(Short text fragments from websites)
┌────────

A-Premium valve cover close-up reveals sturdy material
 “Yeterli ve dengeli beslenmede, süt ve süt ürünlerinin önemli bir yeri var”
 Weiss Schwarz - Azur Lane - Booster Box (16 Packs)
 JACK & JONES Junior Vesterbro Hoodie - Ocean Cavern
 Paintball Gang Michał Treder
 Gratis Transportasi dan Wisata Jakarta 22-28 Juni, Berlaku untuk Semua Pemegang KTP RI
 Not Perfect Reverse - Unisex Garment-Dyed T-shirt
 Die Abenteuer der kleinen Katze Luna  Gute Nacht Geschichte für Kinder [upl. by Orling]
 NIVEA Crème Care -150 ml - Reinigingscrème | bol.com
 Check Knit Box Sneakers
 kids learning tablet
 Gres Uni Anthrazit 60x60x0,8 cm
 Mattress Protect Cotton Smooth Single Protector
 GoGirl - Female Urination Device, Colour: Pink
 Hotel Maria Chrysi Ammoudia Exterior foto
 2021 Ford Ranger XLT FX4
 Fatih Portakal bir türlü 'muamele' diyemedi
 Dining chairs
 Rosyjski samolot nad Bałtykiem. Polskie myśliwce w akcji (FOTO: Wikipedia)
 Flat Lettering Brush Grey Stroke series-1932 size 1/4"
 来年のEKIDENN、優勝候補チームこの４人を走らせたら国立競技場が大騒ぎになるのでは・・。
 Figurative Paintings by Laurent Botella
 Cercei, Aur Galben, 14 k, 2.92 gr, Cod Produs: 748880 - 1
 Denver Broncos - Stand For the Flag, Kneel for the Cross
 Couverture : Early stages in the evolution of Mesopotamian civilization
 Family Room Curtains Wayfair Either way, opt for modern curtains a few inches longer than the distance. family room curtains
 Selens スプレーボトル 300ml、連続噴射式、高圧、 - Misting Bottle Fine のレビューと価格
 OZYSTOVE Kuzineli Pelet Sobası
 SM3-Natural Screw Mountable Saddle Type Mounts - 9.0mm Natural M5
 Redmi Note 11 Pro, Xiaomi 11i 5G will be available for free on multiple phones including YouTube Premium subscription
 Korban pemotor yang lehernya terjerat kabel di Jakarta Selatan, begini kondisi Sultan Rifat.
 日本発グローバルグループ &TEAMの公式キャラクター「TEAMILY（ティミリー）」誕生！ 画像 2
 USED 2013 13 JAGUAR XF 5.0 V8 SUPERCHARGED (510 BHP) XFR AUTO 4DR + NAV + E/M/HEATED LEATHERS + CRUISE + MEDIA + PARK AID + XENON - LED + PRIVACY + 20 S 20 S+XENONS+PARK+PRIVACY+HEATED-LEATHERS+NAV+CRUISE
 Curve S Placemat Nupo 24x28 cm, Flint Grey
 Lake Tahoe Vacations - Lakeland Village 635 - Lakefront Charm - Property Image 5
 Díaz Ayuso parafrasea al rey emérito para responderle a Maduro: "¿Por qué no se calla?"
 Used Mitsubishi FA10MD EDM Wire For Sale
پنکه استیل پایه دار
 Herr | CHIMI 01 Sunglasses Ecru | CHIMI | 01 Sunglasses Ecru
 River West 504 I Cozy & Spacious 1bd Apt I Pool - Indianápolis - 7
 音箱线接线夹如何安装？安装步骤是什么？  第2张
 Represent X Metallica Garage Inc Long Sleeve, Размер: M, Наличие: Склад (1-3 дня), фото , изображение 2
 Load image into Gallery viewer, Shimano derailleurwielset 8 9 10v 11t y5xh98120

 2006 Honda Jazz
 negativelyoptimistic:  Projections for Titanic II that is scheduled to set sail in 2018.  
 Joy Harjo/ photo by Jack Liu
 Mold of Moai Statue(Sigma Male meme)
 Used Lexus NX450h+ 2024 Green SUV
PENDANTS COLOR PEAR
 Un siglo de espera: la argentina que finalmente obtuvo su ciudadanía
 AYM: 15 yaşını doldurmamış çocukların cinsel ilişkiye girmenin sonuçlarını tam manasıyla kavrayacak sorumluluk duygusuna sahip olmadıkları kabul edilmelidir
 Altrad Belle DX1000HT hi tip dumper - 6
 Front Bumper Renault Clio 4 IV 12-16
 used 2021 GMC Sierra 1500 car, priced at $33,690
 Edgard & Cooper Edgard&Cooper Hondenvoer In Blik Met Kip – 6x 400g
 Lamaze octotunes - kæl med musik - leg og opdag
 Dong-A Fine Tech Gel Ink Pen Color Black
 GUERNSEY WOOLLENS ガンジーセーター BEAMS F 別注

└────────

Goal of the exercise:
In the records above, find the line with "Flat Lettering Brush"; write out exactly that line and each one after it, stopping after the line with "Represent X Metallica".

Response to the exercise:
 Flat Lettering Brush Grey Stroke series-1932 size 1/4"
 来年のEKIDENN、優勝候補チームこの４人を走らせたら国立競技場が大騒ぎになるのでは・・。
 Figurative Paintings by Laurent Botella
 Cercei, Aur Galben, 14 k, 2.92 gr, Cod Produs: 748880 - 1
 Denver Broncos - Stand For the Flag, Kneel for the Cross
 Couverture : Early stages in the evolution of Mesopotamian civilization
 Family Room Curtains Wayfair Either way, opt for modern curtains a few inches longer than the distance. family room curtains
 Selens スプレーボトル 300ml、連続噴射式、高圧、 - Misting Bottle Fine のレビューと価格
 OZYSTOVE Kuzineli Pelet Sobası
 SM3-Natural Screw Mountable Saddle Type Mounts - 9.0mm Natural M5
 Redmi Note 11 Pro, Xiaomi 11i 5G will be available for free on multiple phones including YouTube Premium subscription
 Korban pemotor yang lehernya terjerat kabel di Jakarta Selatan, begini kondisi Sultan Rifat.
 日本発グローバルグループ &TEAMの公式キャラクター「TEAMILY（ティミリー）」誕生！ 画像 2
 USED 2013 13 JAGUAR XF 5.0 V8 SUPERCHARGED (510 BHP) XFR AUTO 4DR + NAV + E/M/HEATED LEATHERS + CRUISE + MEDIA + PARK AID + XENON - LED + PRIVACY + 20 S 20 S+XENONS+PARK+PRIVACY+HEATED-LEATHERS+NAV+CRUISE
 Curve S Placemat Nupo 24x28 cm, Flint Grey
 Lake Tahoe Vacations - Lakeland Village 635 - Lakefront Charm - Property Image 5
 Díaz Ayuso parafrasea al rey emérito para responderle a Maduro: "¿Por qué no se calla?"
 Used Mitsubishi FA10MD EDM Wire For Sale
پنکه استیل پایه دار
 Herr | CHIMI 01 Sunglasses Ecru | CHIMI | 01 Sunglasses Ecru
 River West 504 I Cozy & Spacious 1bd Apt I Pool - Indianápolis - 7
 音箱线接线夹如何安装？安装步骤是什么？  第2张
 Represent X Metallica Garage Inc Long Sleeve, Размер: M, Наличие: Склад (1-3 дня), фото , изображение 2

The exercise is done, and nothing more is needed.